"""Enhanced tearsheet / reporting utilities for backtests.
Generates comprehensive performance summaries, monthly return tables,
drawdown analysis, rolling metrics, and trade-level analytics.
"""
from __future__ import annotations
from typing import Any
import numpy as np
import pandas as pd
__all__ = [
"generate_tearsheet",
"monthly_returns_table",
"drawdown_table",
"rolling_metrics_table",
"trade_analysis",
]
[docs]
def generate_tearsheet(
returns: pd.Series,
benchmark: pd.Series | None = None,
risk_free: float = 0.0,
periods_per_year: int = 252,
) -> dict[str, Any]:
"""Generate a comprehensive performance tearsheet dictionary.
Parameters
----------
returns : pd.Series
Portfolio return series (simple, not log).

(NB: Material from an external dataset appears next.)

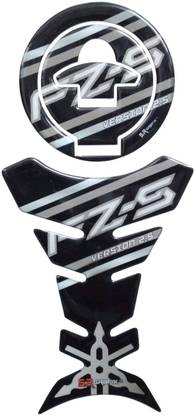 S.R Grafix FZ25 Grey Bike Tank Pad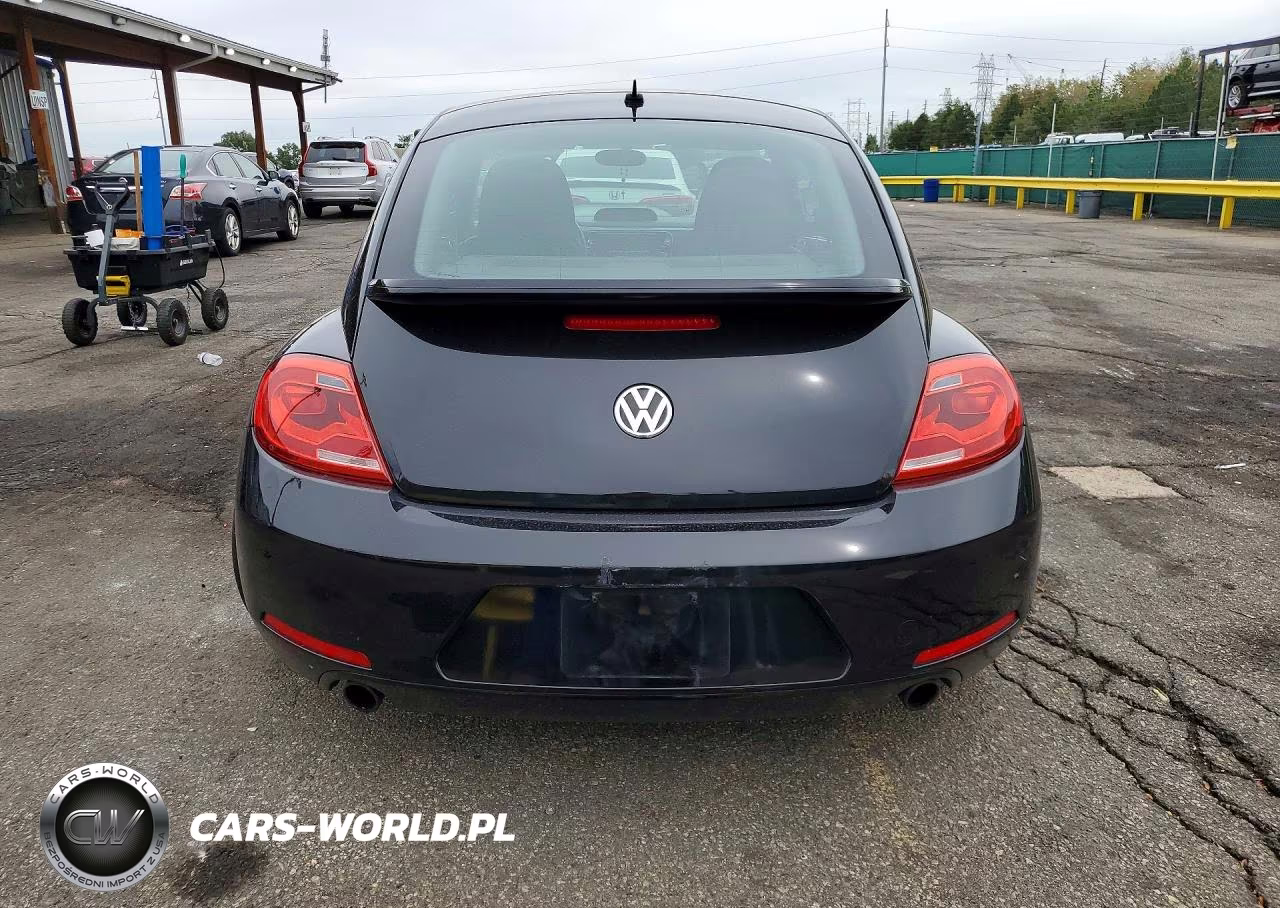 2012 Volkswagen Beetle Turbo VIN:3VW4A7AT3CM632912 - 6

benchmark : pd.Series, optional
Benchmark return series for relative metrics.
risk_free : float
Annualised risk-free rate.
periods_per_year : int
Trading periods per year (252 for daily).
Returns
-------
dict[str, Any]
Dictionary containing absolute and (optionally) relative
performance metrics.
"""
returns = returns.dropna()
n = len(returns)
if n == 0:
return {
"total_return": 0.0,
"annualized_return": 0.0,
"annualized_volatility": 0.0,
"sharpe_ratio": 0.0,
"sortino_ratio": 0.0,
"max_drawdown": 0.0,
"calmar_ratio": 0.0,
"skewness": 0.0,
"kurtosis": 0.0,
"var_95": 0.0,
"cvar_95": 0.0,
"win_rate": 0.0,
"profit_factor": 0.0,
"n_periods": 0,
}
# --- Absolute metrics ---
total_return = float((1 + returns).prod() - 1)
ann_factor = periods_per_year / n
ann_return = float((1 + total_return) ** ann_factor - 1)
ann_vol = float(returns.std() * np.sqrt(periods_per_year))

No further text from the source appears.